Gold prices fell back to under the $1,600 pivot point once again as US dollar strength (and euro weakness that pushed that currency to a fresh 15-month low) combined with renewed jitters about Europe overcame the effects of geopolitical tensions arising out of the Iranian situation and sellers pressured commodities lower.
New York spot gold lost nearly $15 to ease back to the $1,597 level while spot silver traded at lows near $28.75 after maintenance of the $29 level proved difficult. At the very least, the New Year-flavored euphoria and “January effect” we saw on Tuesday and Wednesday has dissipated to a certain degree this morning after a few additional “reality checks” were made by market participants. Volatility is apparently set to continue despite the turning of the calendar’s pages.
The greenback climbed nearly 0.85% on the trade-weighted index (highs near 80.85) in the wake of the aforementioned euro-centric fears and on the back of a really robust improvement in US jobless claims figures ahead of Friday’s all-important Labor Department employment report. Filings for unemployment benefits dropped by 15,000 to 372,000 in the latest report released this morning.

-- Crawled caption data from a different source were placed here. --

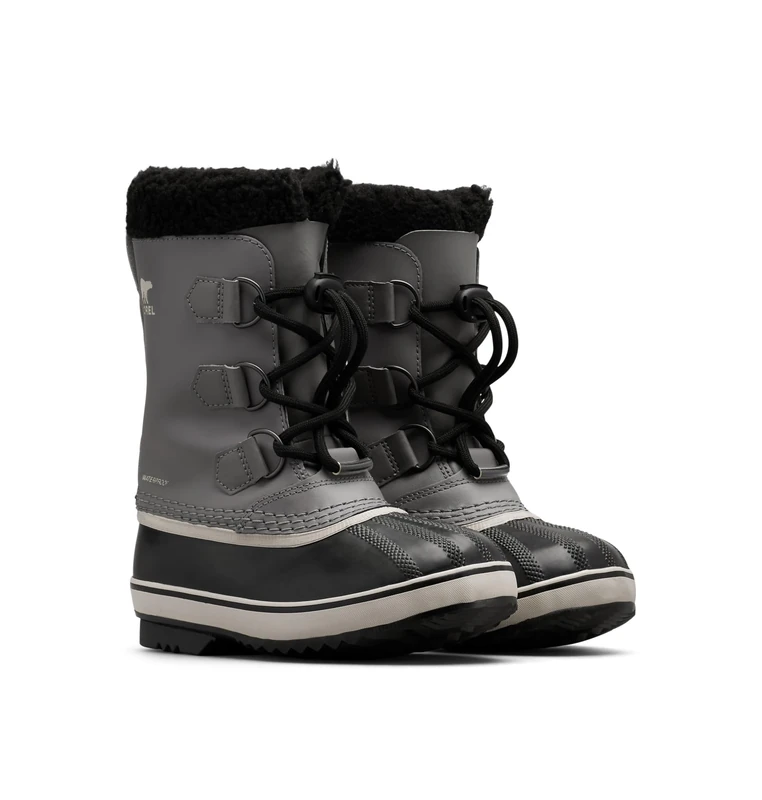 Sorel Yoot Pac Tp Boot Wp Unisex Kids Waterproof Snow Boots, Quarry Black 2024, 3.5 UK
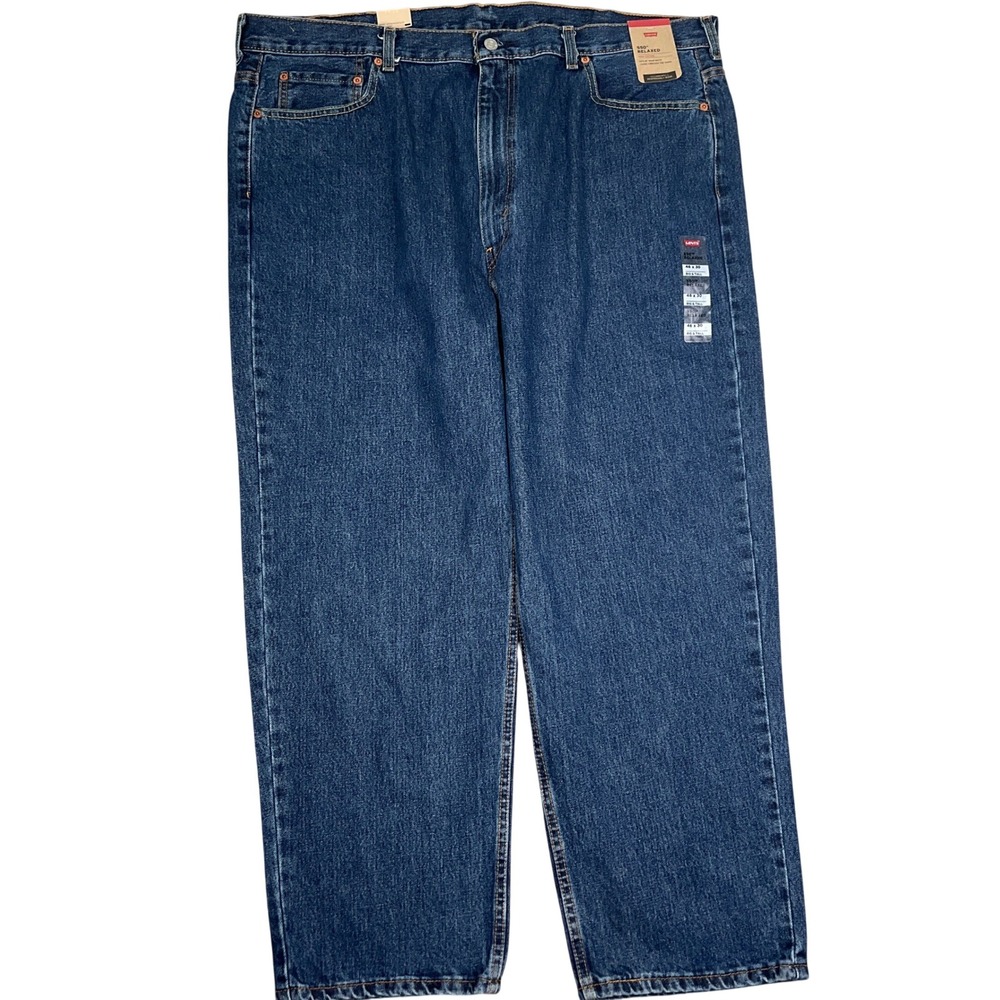 Levis 550 Jeans Mens 44W 30L Blue Relaxed Cotton 00550-4886 NEW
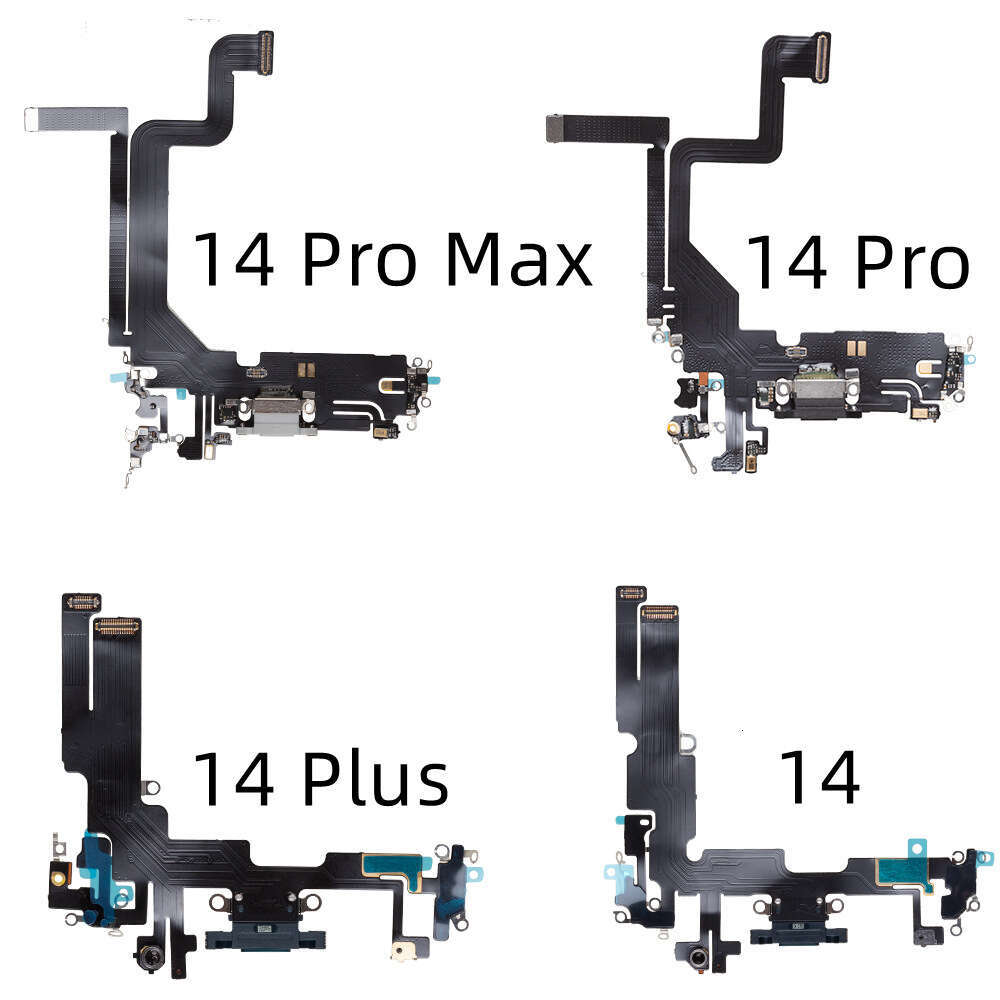 Compatible with Apple 14 Tail Plug 13 Max Charging 8 Assembly Brand New 12 Mini Flex Cable X Microphone 15 Pro Main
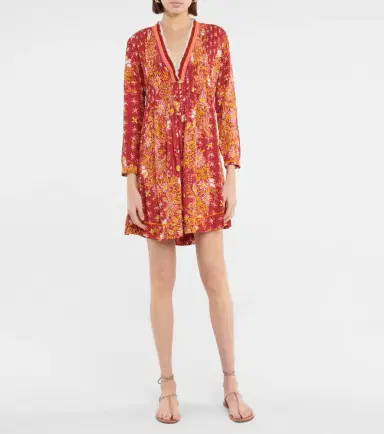 Poupette St Barth Ola fringed printed minidress | Thumbnail 5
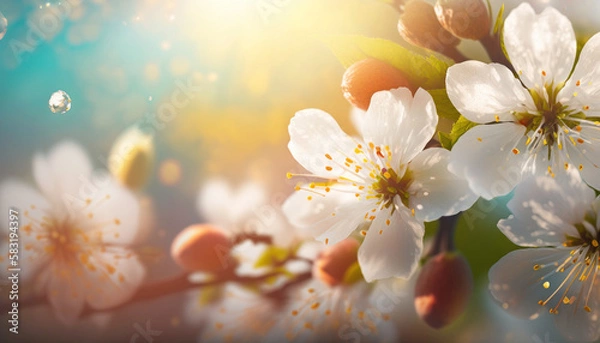 Fototapeta Spring background, Generative AI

RDQ Economics opines that another component in the US labor landscape — the better-than-anticipated ADP employment report data — is offering yet another signal that the US economy is on the mend, slowly but surely.
France encountered higher yield demands as it went to auction this morning and market players are getting nervous about next week’s Italian and Spanish bond auctions. France, it is said, may have dodged an S&P downgrade bullet but it is not yet out of the woods on that front. Coming days will be quite telling. Meanwhile, the idea that Greece might face a disorderly default perhaps as early as March has also rattled market nerves after it was floated by Prime Minister Lucas Papademos yesterday.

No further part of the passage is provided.